India is a vibrant country. The diversity in her culture shows in the country’s prolific architecture, evident in the form of some beautiful and well-loved heritage sites.
Even though these sites in India are celebrated worldwide, archaeologists say that nationally protected monuments have been facing threats – including severe weathering, urbanization, economic development, encroachments, and smuggling of antiquities. Archaeologists also warn that the massive destruction of these sites may leave nothing for posterity.
The Indian Space Research Organisation (ISRO) and Archaeological Survey of India (ASI) have come together to help conserve the architecture of India that holds national importance.
This national project has been taken up by the Ministry Of Culture to make a systematic database of the heritage sites and Site Management Plans generated using space technology. It will help take appropriate measures in conserving and preserving the heritage sites and monitoring the activities around them. ISRO will develop space technology systems and file satellite images of these heritage sites that can be operationally used by ASI with least effort, time and cost implications to safeguard these sites from destruction.
“Initially, the project will encompass 3,000-plus nationally protected monuments. But eventually, the project will cover 1,50,000 heritage buildings across India. The project will also throw light on the gradual degradation, encroachment and unauthorized construction in protected zones of heritage buildings. The systematic database of these heritage sites and site management plans generated using space technology will help take appropriate measures in conserving, preserving and monitoring activities of heritage sites. All this will happen in the next seven months,” said ASI Regional Director (East), P K Mishra.
A standard operating procedure (SOP) has been developed, wherein the data is directly passed over to ASI and other organizations that are active in preservation of these assets. ISRO has also developed an open source, scalable and modular model, which can be flexible and evolves with ASI’s changing institutional requirements and mandate.

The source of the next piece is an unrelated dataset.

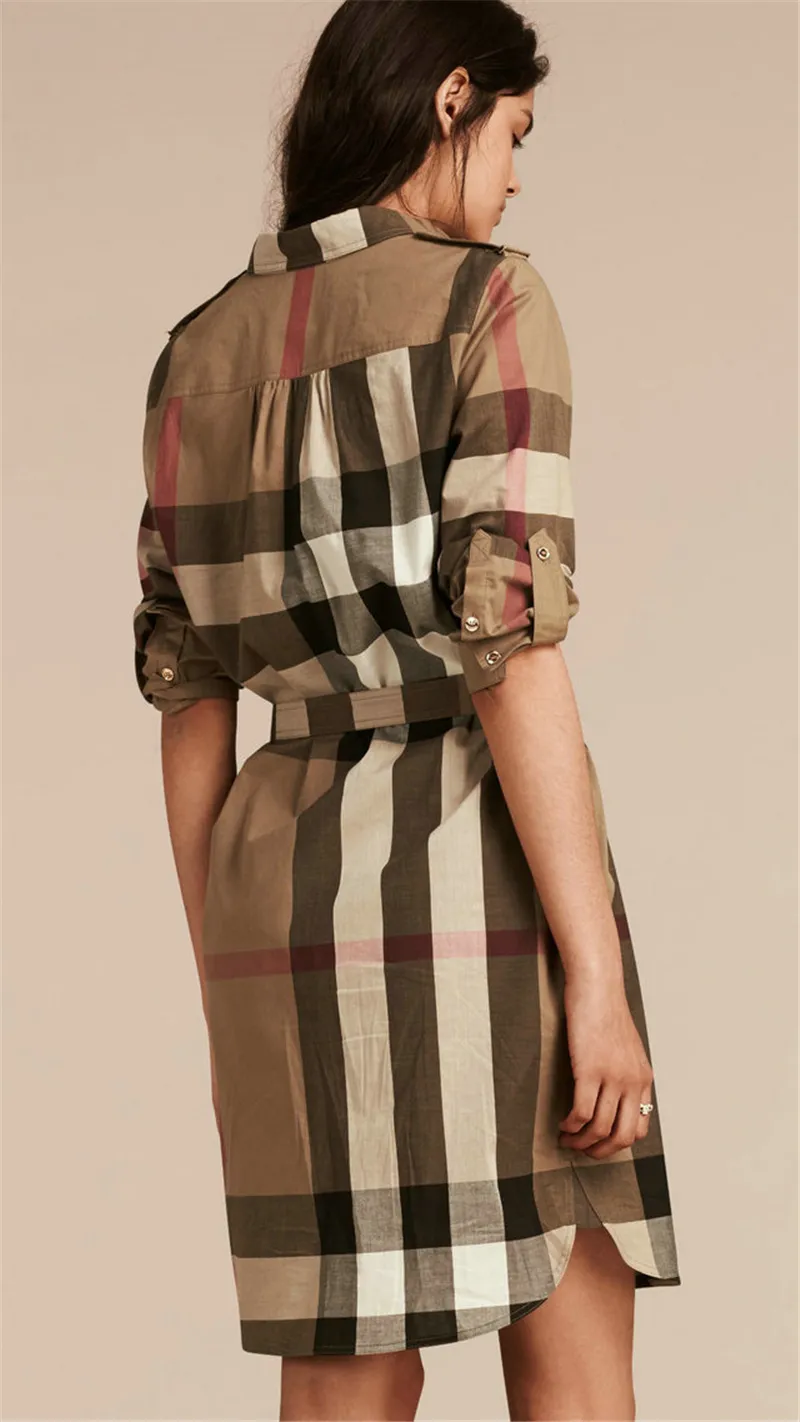 Burberrys Women Classic Fashion Button-up Midi Shirt Dress High-end Brand  Vintage Long Sleeves Female Dresses | Lazada PH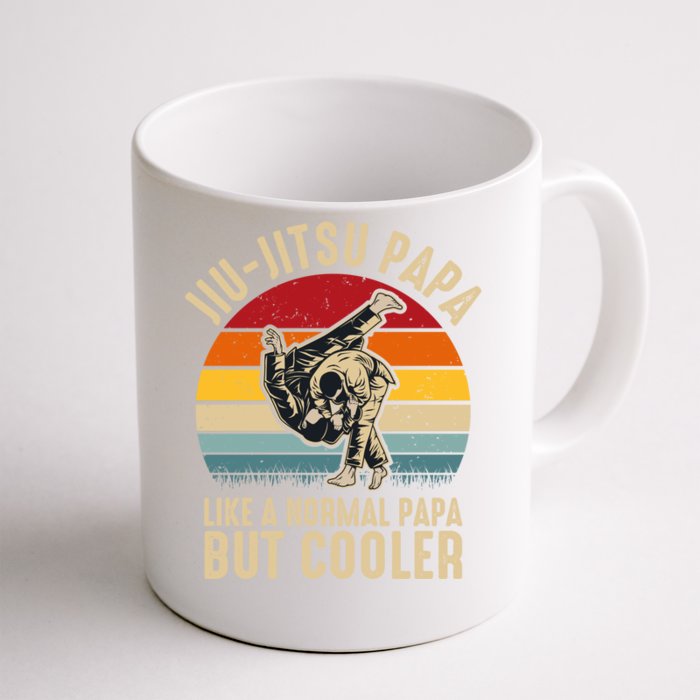 Jiu Jitsu Papa Like A Normal Papa But Cooler Funny Dad Gifts Retro Plus Size Front & Back Coffee Mug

The project is already in an advanced stage of completion in the state of Karnataka and will soon will be extended to the rest of country.
Photo Source : ISRO
The primary use of space technology in archaeology applications is in two broad areas:
- Inventory of world heritage sites and nationally important monuments in the country, and generation of a geo-spatial database using high resolution satellite data
- Predictive Locational Modeling for siting prospective archaeological locations
Using Google’s Street View feature, ASI has also partnered with Google to showcase all major heritage sites at one place. This partnership covers 31 odd monuments, Taj Mahal being the most popular monument within the Google Street View database.
Using data from satellites, ISRO will also map and create 3D images of all such heritage sites in the country, and allow everyone to have a virtual tour of the locations. After locating the heritage site, the data would be segregated using three management zones: Protected, Prohibited and Regular, which will assist ASI in making quick decisions.
Some famous monuments, like heritage sites in Belur and Halebidu; Shravanabelagola, Gol Gumbaz in Bijapur; the pre-historic site of Chandravalli; fort and temples in Chitradurga; the fort and masonry elephants in Madikeri; and Tipu Sultan’s birth place in Devanahalli, etc., have already been mapped and are ready for public viewing.
Here’s a link to the 3D model of Gul Gumbaz, one of the largest dome structures in the world.
ISRO’s project will map and preserve even distant, remote and inaccessible heritage sites and monuments forever.